:: TASK INSTRUCTIONS ::
When the line containing "A couple sitting" appears in the data below, begin copying there and stop only after the line containing "Aerial View of".

:: EXERCISE MATERIAL ::
────────────────────────────────────────

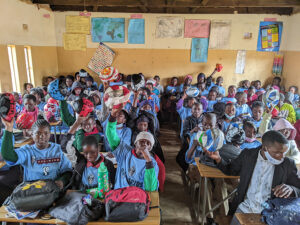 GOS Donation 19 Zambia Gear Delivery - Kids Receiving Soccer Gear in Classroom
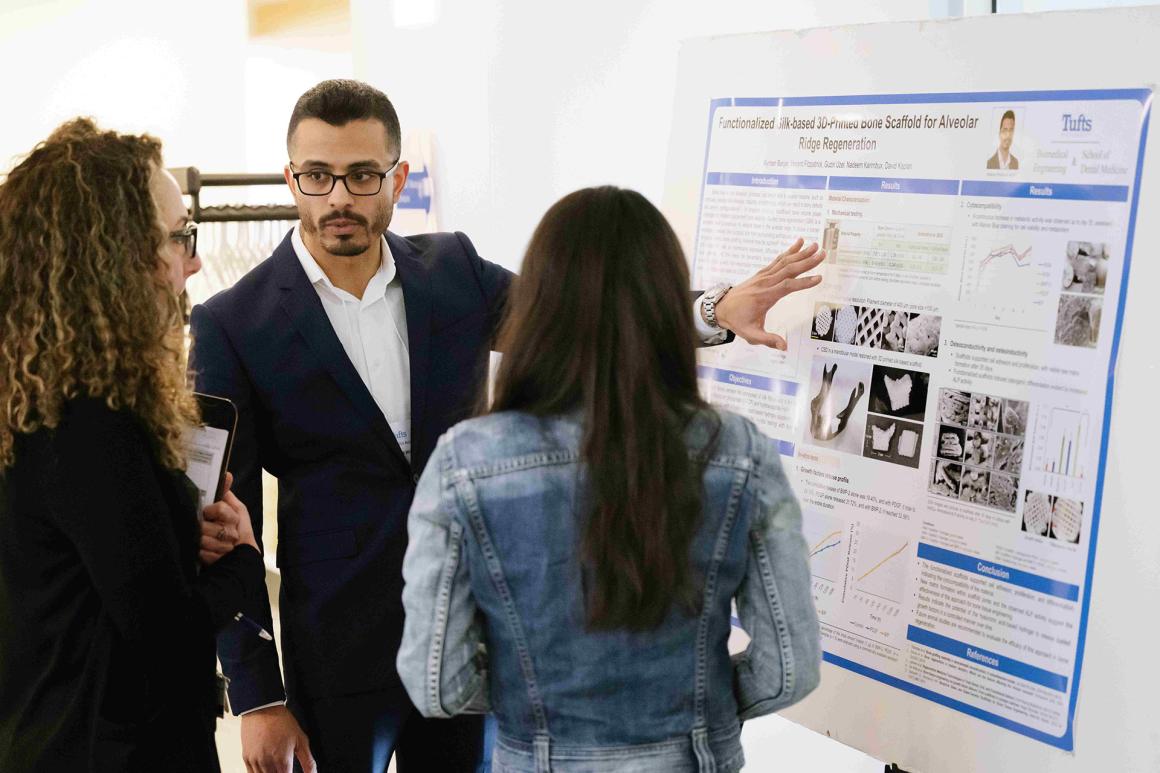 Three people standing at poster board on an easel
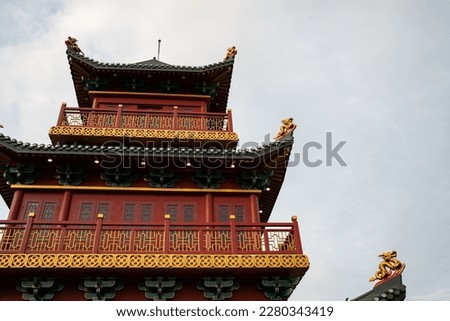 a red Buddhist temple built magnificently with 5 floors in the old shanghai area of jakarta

────────────────────────────────────────

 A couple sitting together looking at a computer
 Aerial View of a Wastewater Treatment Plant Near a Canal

────────────────────────────────────────

:: WRITTEN RESPONSE ::
 A couple sitting together looking at a computer
 Aerial View of a Wastewater Treatment Plant Near a Canal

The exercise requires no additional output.